Je crois aussi et j’ai beaucoup écrit là-dessus, que toutes les industries passent par une phase d’industrialisation, laquelle bien entendu, a pour vocation de maintenir les marges, de faire monter la qualité… en même temps que les prix baissent. L’industrie IT a aujourd’hui plus de 50 ans, il est normal et inévitable qu’elle en passe par là et que les développements logiciels arrivent massivement à Bengalore, Bucarest, Hanoi ou Manille.
Ces pays sont-ils sans faiblesse ? Souvent plus libéraux en qui concerne le cadre du travail et la fiscalité, disposant de populations effectivement plus ambitieuses, ils souffrent aussi de nombreux péchés de jeunesse. La productivité est souvent un concept à construire, les soft skills sont très souvent déficientes (gestion d’équipe, connaissances métier, business attitude…). Par ailleurs, les efforts de productivité sont souvent battus en brèche par les attentes salariales que peuvent avoir des pays dont la croissance est comprise entre 5 et 10% l’an. Ces difficultés représentent un fantastique réservoir de jobs et de valeur pour ceux qui voudront bien s’en occuper.
Les acteurs de la formation y trouveront en effet un fantastique appel d’air, mais aussi les spécialistes de la conduite de projet, de l’interface commerciale, ou même de gestion de l’activité. Je crois même que ces nouveaux pays de la scène R&D devront aller tellement vite qu’ils seront particulièrement ouverts à ceux qui voudront bien leur proposer les bonnes prestas… et même les bon produits logiciels.
Pour ma part, mon choix est fait. Notre effectif ouest européen progresse désormais et nous avons effectivement plusieurs concepts logiciels à l’étude pour « mieux exploiter » et mettre en scène une mondialisation obligatoirement collaborative.

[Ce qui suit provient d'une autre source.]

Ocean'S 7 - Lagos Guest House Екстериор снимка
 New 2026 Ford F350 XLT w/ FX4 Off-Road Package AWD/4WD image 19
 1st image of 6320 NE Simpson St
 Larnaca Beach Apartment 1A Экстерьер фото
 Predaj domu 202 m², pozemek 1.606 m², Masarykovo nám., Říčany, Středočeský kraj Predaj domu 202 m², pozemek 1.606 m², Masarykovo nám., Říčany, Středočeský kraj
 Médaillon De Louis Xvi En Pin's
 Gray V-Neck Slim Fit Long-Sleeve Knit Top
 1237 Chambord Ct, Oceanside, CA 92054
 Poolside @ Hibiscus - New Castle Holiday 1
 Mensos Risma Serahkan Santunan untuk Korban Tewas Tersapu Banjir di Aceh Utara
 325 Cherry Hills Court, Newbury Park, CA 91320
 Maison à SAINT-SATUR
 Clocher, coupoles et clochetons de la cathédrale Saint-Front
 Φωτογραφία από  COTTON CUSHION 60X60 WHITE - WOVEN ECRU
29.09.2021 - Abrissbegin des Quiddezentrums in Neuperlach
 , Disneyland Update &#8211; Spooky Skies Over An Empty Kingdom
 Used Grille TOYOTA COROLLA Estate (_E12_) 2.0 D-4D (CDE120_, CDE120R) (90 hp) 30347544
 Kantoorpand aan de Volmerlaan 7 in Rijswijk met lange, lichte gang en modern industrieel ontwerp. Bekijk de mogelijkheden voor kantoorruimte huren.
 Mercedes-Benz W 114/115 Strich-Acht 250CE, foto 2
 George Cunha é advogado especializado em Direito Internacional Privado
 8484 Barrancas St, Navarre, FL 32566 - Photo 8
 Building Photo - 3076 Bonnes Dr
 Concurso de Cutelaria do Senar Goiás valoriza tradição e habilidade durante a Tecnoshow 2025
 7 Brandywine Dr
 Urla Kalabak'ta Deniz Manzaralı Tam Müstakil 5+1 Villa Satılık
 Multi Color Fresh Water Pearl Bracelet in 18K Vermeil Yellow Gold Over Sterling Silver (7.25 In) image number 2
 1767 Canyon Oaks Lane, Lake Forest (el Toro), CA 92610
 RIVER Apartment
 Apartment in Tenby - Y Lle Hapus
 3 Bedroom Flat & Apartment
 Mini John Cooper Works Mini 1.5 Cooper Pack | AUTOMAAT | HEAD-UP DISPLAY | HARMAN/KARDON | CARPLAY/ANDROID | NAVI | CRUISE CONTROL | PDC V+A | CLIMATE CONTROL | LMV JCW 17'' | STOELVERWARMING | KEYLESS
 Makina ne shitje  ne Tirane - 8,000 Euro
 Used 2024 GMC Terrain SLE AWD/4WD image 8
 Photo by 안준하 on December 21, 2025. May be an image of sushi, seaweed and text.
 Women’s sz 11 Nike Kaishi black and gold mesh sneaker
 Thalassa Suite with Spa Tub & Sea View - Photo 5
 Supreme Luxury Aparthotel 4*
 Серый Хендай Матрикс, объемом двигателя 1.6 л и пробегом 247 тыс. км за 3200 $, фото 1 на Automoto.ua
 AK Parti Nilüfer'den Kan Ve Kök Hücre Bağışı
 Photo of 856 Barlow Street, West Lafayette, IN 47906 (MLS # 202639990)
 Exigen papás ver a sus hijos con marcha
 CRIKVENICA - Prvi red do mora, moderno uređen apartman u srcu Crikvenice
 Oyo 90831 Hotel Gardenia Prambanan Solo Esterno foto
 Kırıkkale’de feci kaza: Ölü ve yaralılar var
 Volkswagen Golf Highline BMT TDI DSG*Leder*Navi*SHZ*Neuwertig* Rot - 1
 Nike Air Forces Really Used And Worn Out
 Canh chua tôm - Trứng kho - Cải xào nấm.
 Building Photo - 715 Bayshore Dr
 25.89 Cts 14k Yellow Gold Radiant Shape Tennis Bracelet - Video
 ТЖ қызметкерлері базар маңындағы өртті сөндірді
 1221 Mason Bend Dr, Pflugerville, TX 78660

Mais les pouvoirs publics sont-ils capables d’entendre un tel discours ? N’y a-t-il pas là de beaux sujets pour nos élèves de Sciences PO ? Pourquoi ne pas mettre en œuvre les formations ad hoc, pourquoi ne pas parler différemment du développement des pays émergents et de concevoir des IT et BPO parcs qui démarrent en nearshore à Orléans et contrôlent des centres de production offshore à Rabat, à Timisoara, à Sofia et à Mumbai ? Les clients seraient dans ce cas aussi bien à Londres, qu’à New York ou à Paris mais les rôles de pilotes et les dividendes économiques reviendraient ainsi à des entreprises françaises.
Est-ce si stupide pour un ex-état colonial, qui sut dans le passé orchestrer une grande part du commerce mondial lorsqu’il s’agissait de matières premières et non de services ? Est-ce si stupide pour un ex-état, champion de l’aide au développement, de participer à l’orchestration de la mondialisation des services, avec des holdings ad hoc et des services commerciaux partout dans le monde ? Ce travail est déjà en marche dans des sociétés comme Accenture, Cap Gemnini ou Infosys. Mais nous pourrions aller résolument plus loin si nous lancions les formations adaptées, intégrant un travail de terrain des missions économiques et du corps diplomatique de la France à l’étranger, pour que ces projets arrivent plus nombreux dans les mains d’entreprises françaises. Qui sait même si que la construction de ces grands centres de services mondiaux ne serait pas intéressante pour des acteurs tels que Bouygues et autres Vinci. Mais il faudrait alors renoncer aux discours démagos, indispensable préambule pour pouvoir être compris tant par les clients que par les pays fournisseurs.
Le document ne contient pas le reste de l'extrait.